## Directions for this task
Would you copy exactly the lines in the data below from the one that has "Городской рюкзак DICOTA" through the one that has "Volkswagen Caddy 2.0TDi", dropping any pictures?

## Data for this task
=== Begin Enclosure ===

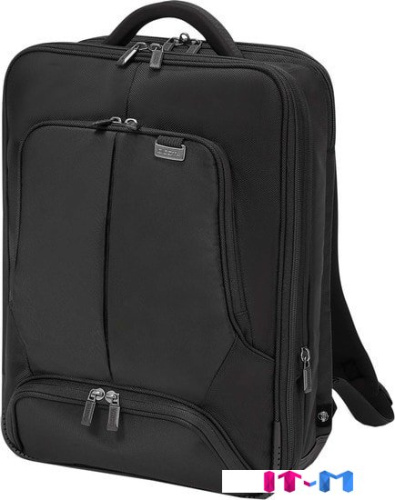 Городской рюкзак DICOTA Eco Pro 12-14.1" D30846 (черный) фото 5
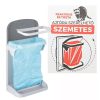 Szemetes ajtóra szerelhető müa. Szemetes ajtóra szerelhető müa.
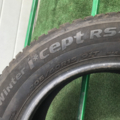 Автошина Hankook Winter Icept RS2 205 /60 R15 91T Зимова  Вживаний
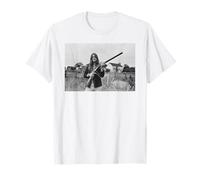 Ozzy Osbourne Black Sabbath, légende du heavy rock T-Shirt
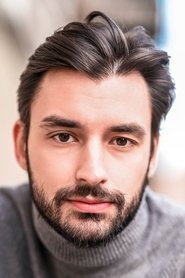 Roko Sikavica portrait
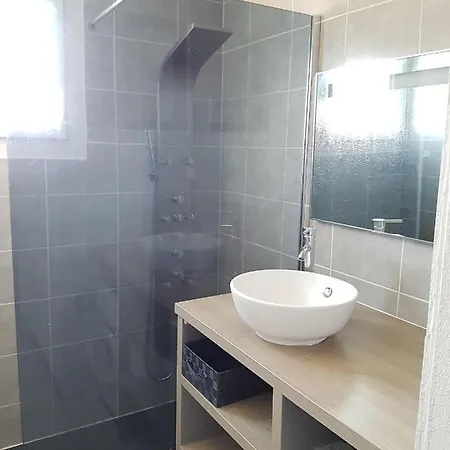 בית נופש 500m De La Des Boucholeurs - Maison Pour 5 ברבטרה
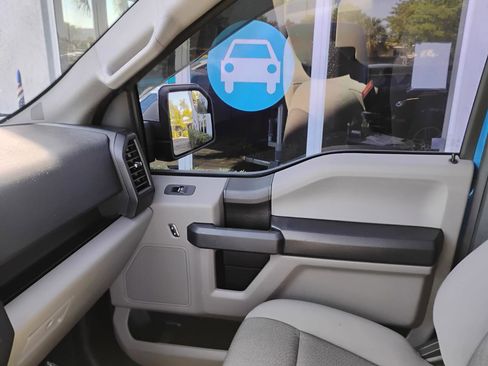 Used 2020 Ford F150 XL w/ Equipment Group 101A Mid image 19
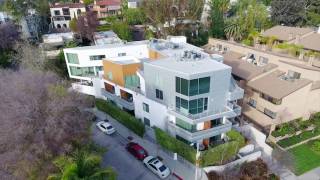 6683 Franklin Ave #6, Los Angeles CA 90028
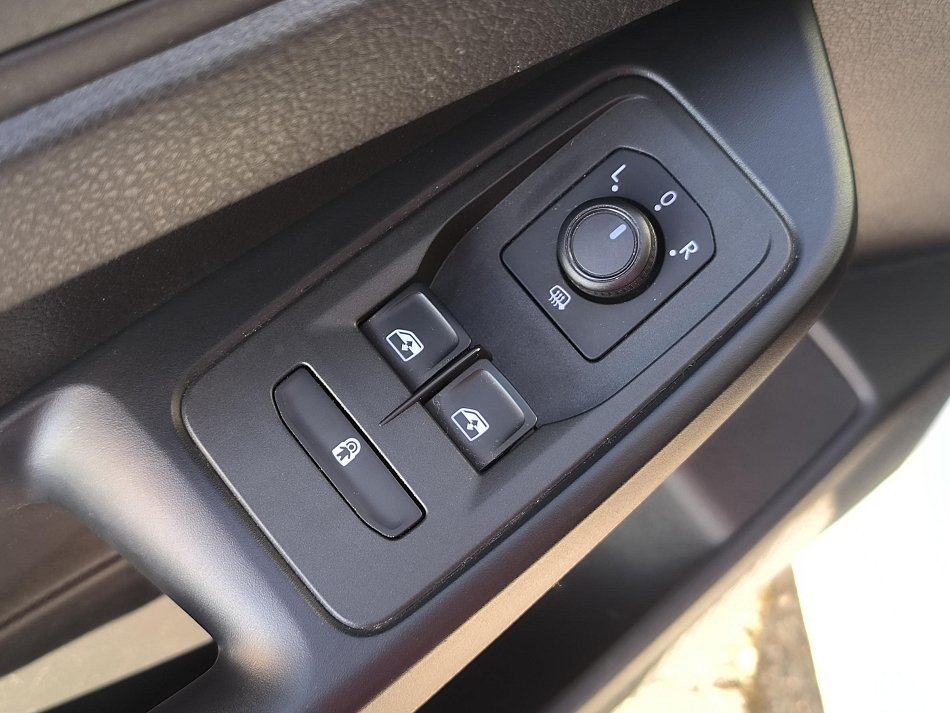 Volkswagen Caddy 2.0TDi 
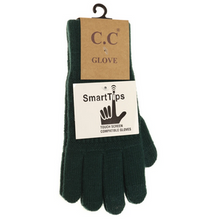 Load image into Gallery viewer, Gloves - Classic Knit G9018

=== End Enclosure ===
=== Begin Enclosure ===

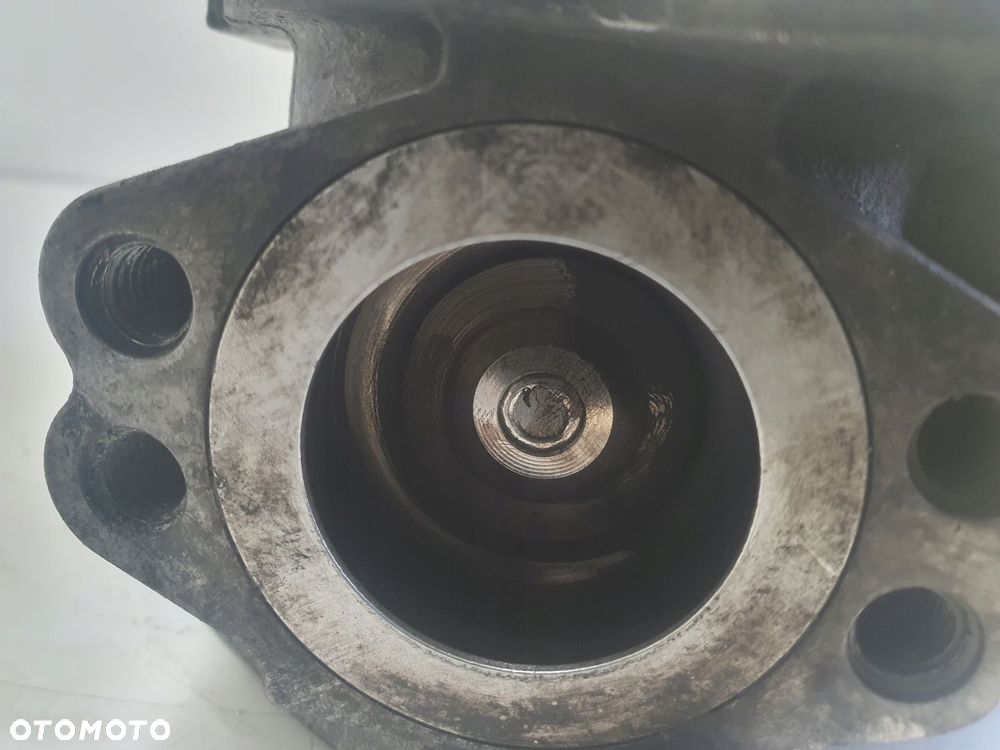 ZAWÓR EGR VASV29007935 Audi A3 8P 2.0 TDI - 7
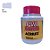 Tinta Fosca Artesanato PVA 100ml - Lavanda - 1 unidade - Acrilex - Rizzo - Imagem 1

=== End Enclosure ===

## Solution to this task
 Городской рюкзак DICOTA Eco Pro 12-14.1" D30846 (черный) фото 5
 Szemetes ajtóra szerelhető müa. Szemetes ajtóra szerelhető müa.
 Автошина Hankook Winter Icept RS2 205 /60 R15 91T Зимова  Вживаний
 Ozzy Osbourne Black Sabbath, légende du heavy rock T-Shirt
 Roko Sikavica portrait
 בית נופש 500m De La Des Boucholeurs - Maison Pour 5 ברבטרה
 Used 2020 Ford F150 XL w/ Equipment Group 101A Mid image 19
 6683 Franklin Ave #6, Los Angeles CA 90028
 Volkswagen Caddy 2.0TDi 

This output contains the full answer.